Making some imports...

In [1]:
from collections import Counter

# Download and process corpora
from cltk.data.fetch import FetchCorpus
from cltk.core.data_types import Doc, Word
from cltk.corpora.grc.tei import onekgreek_tei_xml_to_text

# Sample texts
from cltk.languages.example_texts import get_example_text

# Text normalisation tools
from cltk.alphabet.text_normalization import cltk_normalize
from cltk.alphabet.lat import JVReplacer, LigatureReplacer, normalize_lat
from cltk.alphabet.grc import expand_iota_subscript

# Phonetics/Phonology
from cltk.phonology.lat.phonology import LatinTranscription, LatinSyllabifier
from cltk.phonology.grc.phonology import GreekTranscription # GreekSyllabifier not working?

# Prosody (Scansion)
from cltk.prosody.lat.hexameter_scanner import HexameterScanner
from cltk.prosody.lat.metrical_validator import MetricalValidator
from cltk.prosody.lat.macronizer import Macronizer
from cltk.prosody.grc import Scansion

# Sentence tokenisation
from cltk.sentence.grc import GreekRegexSentenceTokenizer
from cltk.sentence.lat import LatinPunktSentenceTokenizer

# Word tokenisation
from cltk.tokenizers.lat.lat import LatinWordTokenizer
from cltk.tokenizers import GreekTokenizationProcess

# Lemmatisation
from cltk.lemmatize.lat import LatinBackoffLemmatizer
from cltk.lemmatize.grc import GreekBackoffLemmatizer

# Stemming
from cltk.stem.lat import stem

# POS tagging
from cltk.tag.pos import POSTag

# Named entity recognition
from cltk.ner.ner import tag_ner

# Stop words
from cltk.stops.lat import STOPS as STOPS_lat
from cltk.stops.grc import STOPS as STOPS_grc

# Syntactic parsing
from cltk.dependency.processes import StanzaProcess
from cltk.dependency.tree import DependencyTree

# Lexicon
from cltk.lexicon.lat import LatinLewisLexicon

# Decliner
from cltk.morphology.lat import CollatinusDecliner

# Modules

## Corpora
How to check which corpora are available and how to download/clone them from the github repository:

### Latin:

In [2]:
# Check for available corpora
fetcher_lat = FetchCorpus('lat', testing=False)
available_corpora_lat = fetcher_lat.list_corpora
# print(available_corpora_lat)

In [3]:
# Download corpora
# fetcher_lat.import_corpus('lat_models_cltk')
# fetcher_lat.import_corpus('lat_text_latin_library')

### Greek:

In [4]:
fetcher_grc = FetchCorpus('grc', testing=False)
available_corpora_grc = fetcher_grc.list_corpora
# print(available_corpora_grc)

In [5]:
# Download corpora
# fetcher_grc.import_corpus('grc_models_cltk')
# fetcher_grc.import_corpus('grc_text_first1kgreek')
# onekgreek_tei_xml_to_text()

## Load sample texts

### Latin:
Introduction to Ceasares Bellum Gallicum (translation available here: https://www.gottwein.de/Lat/caes/bg1001.php)

In [6]:
bellum_gallicum_ceasar = get_example_text('lat')
# print(bellum_gallicum_ceasar)

### Greek:
Introduction to Platon's Apologie (17a-19a) (translation available here: https://www.gottwein.de/Grie/plat/apol17a.php)

In [7]:
apologia_platon = get_example_text('grc')
# print(apologia_platon)

## Text normalisation:

Let's now perform a little bit of text normalisation.

### Latin:
- **Latin aphabet:** Replace J/V with I/U. Latin alphabet does not distinguish between J/j and I/i and V/v and U/u; Yet, many texts bear the influence of later editors and the predilections of other languages.
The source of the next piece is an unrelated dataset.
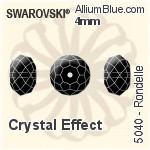 Swarovski Rondelle Bead (5040) 4mm - Crystal Effect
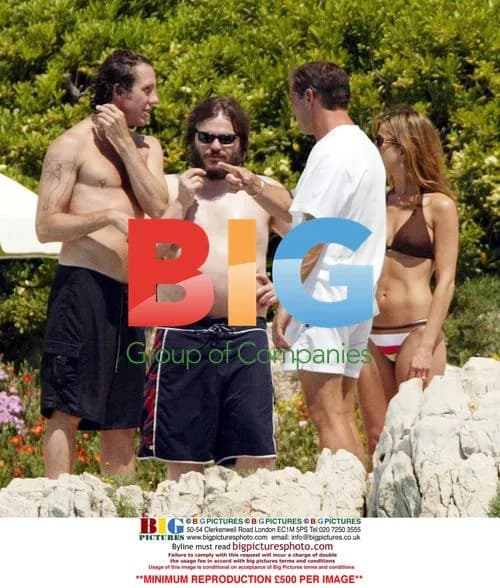 Jack Black Relaxing in France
In practical terms, the JV substitution is recommended on all Latin text preprocessing; it helps to collapse the search space.

In [8]:
repl = JVReplacer()
normalised_lat_sample = repl.replace('In vino veritas.')
print(normalised_lat_sample)

In uino ueritas.


- **Ligatures in Latin:** Replace ‘œæ’ with AE, ‘Œ Æ’ with OE. Classical Latin wrote the o and e separately (as has today again become the general practice), but the ligature was used by medieval and early modern writings, in part because the diphthongal sound had, by Late Latin, merged into the sound.

In [9]:
lig_repl = LigatureReplacer()
normalised_lat_sample = lig_repl.replace("prœil")
print(normalised_lat_sample)

proeil


- **normalize_lat()** performs all normalisation options at once

In [10]:
norm_sample = "canō Īuliī suspensám quăm aegérrume ĭndignu îs óccidentem frúges Julius Caesar. " \
              "In vino veritas. mæd prœil"
print(normalize_lat(norm_sample, drop_accents=True, drop_macrons=False,
                    jv_replacement=False, ligature_replacement=False))      # all options set to False by default

canō Īuliī suspensam quăm aegerrume ĭndignu is óccidentem frúges Julius Caesar. In vino veritas. mæd prœil


Normalise the excerpt from Ceasare's Bellum Gallicum using the normalize_lat() function.

In [11]:
# Normalise bellum gallicum sample
normalised_bg = normalize_lat(bellum_gallicum_ceasar, jv_replacement=True)

### Greek:
Dealing with a different language and alphabets makes it necessary to perfom different types of normalisation. Thus with greek we have to pay attention to:
- **Iota subscribtum:**

In [12]:
str_iota_subscript = "ἐν τῇ νῦν Ἑλλάδι καλεομένῃ χωρῇ οὕτω δ᾽ εἶπε τερᾴζων"
print(expand_iota_subscript(str_iota_subscript,
                            lowercase=True))    # lowercase is True by default returns lowercase string

ἐν τῆι νῦν ἑλλάδι καλεομένηι χωρῆι οὕτω δ᾽ εἶπε τεράιζων


- **Unicode encoding:** In some cases it might be relevant to consider encodings. Especially, when dealing with non-Ascii characters. The cltk_normalize() function from the unicodedata package which returns normal form 'form' for Unicode string unistr.

In [13]:
# Uniode normalisation
word = cltk_normalize('διοτρεφές')
print(word) # changes are not visible for us if we print the word

διοτρεφές


Again we perform the above operations on our greek sample.

In [14]:
expanded_apol = expand_iota_subscript(apologia_platon, lowercase=False)
normalised_apol = cltk_normalize(expanded_apol)

## Sentence Tokenisation

### Latin:

In [15]:
sent_tokeniser_lat = LatinPunktSentenceTokenizer()
sentences_bg = sent_tokeniser_lat.tokenize(normalised_bg)
print(sentences_bg[0])

Gallia est omnis diuisa in partes tres, quarum unam incolunt Belgae, aliam Aquitani, tertiam qui ipsorum lingua Celtae, nostra Galli appellantur.


### Greek:

In [16]:
sent_tokeniser_grc = GreekRegexSentenceTokenizer()
sentences_grc = sent_tokeniser_grc.tokenize(normalised_apol)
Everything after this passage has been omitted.